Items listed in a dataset

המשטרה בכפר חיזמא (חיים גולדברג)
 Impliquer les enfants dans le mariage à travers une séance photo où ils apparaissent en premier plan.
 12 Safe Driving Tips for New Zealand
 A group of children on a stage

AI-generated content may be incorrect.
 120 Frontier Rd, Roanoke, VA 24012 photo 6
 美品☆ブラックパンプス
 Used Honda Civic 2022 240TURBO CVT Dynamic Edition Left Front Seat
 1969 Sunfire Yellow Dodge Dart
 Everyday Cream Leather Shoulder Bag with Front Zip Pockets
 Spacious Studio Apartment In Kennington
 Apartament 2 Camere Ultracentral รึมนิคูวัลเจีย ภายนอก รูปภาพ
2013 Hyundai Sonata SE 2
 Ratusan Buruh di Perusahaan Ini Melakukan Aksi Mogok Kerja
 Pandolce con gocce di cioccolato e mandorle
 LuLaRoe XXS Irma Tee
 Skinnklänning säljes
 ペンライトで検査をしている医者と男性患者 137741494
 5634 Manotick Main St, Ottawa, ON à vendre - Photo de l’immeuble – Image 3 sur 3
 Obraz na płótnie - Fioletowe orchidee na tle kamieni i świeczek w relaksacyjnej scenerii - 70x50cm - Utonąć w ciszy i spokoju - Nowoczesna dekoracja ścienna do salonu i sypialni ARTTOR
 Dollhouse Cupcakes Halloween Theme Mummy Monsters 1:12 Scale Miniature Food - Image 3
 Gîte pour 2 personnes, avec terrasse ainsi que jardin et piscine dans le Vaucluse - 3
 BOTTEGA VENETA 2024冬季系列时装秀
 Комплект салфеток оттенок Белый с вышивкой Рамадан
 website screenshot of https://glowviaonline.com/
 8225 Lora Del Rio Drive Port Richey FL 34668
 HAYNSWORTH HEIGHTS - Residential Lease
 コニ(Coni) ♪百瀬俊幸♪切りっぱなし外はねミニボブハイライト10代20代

_ASSIGNMENT_: Give a word-for-word restatement of every record.

_ANSWER SPACE_:
המשטרה בכפר חיזמא (חיים גולדברג)
 Impliquer les enfants dans le mariage à travers une séance photo où ils apparaissent en premier plan.
 12 Safe Driving Tips for New Zealand
 A group of children on a stage

AI-generated content may be incorrect.
 120 Frontier Rd, Roanoke, VA 24012 photo 6
 美品☆ブラックパンプス
 Used Honda Civic 2022 240TURBO CVT Dynamic Edition Left Front Seat
 1969 Sunfire Yellow Dodge Dart
 Everyday Cream Leather Shoulder Bag with Front Zip Pockets
 Spacious Studio Apartment In Kennington
 Apartament 2 Camere Ultracentral รึมนิคูวัลเจีย ภายนอก รูปภาพ
2013 Hyundai Sonata SE 2
 Ratusan Buruh di Perusahaan Ini Melakukan Aksi Mogok Kerja
 Pandolce con gocce di cioccolato e mandorle
 LuLaRoe XXS Irma Tee
 Skinnklänning säljes
 ペンライトで検査をしている医者と男性患者 137741494
 5634 Manotick Main St, Ottawa, ON à vendre - Photo de l’immeuble – Image 3 sur 3
 Obraz na płótnie - Fioletowe orchidee na tle kamieni i świeczek w relaksacyjnej scenerii - 70x50cm - Utonąć w ciszy i spokoju - Nowoczesna dekoracja ścienna do salonu i sypialni ARTTOR
 Dollhouse Cupcakes Halloween Theme Mummy Monsters 1:12 Scale Miniature Food - Image 3
 Gîte pour 2 personnes, avec terrasse ainsi que jardin et piscine dans le Vaucluse - 3
 BOTTEGA VENETA 2024冬季系列时装秀
 Комплект салфеток оттенок Белый с вышивкой Рамадан
 website screenshot of https://glowviaonline.com/
 8225 Lora Del Rio Drive Port Richey FL 34668
 HAYNSWORTH HEIGHTS - Residential Lease
 コニ(Coni) ♪百瀬俊幸♪切りっぱなし外はねミニボブハイライト10代20代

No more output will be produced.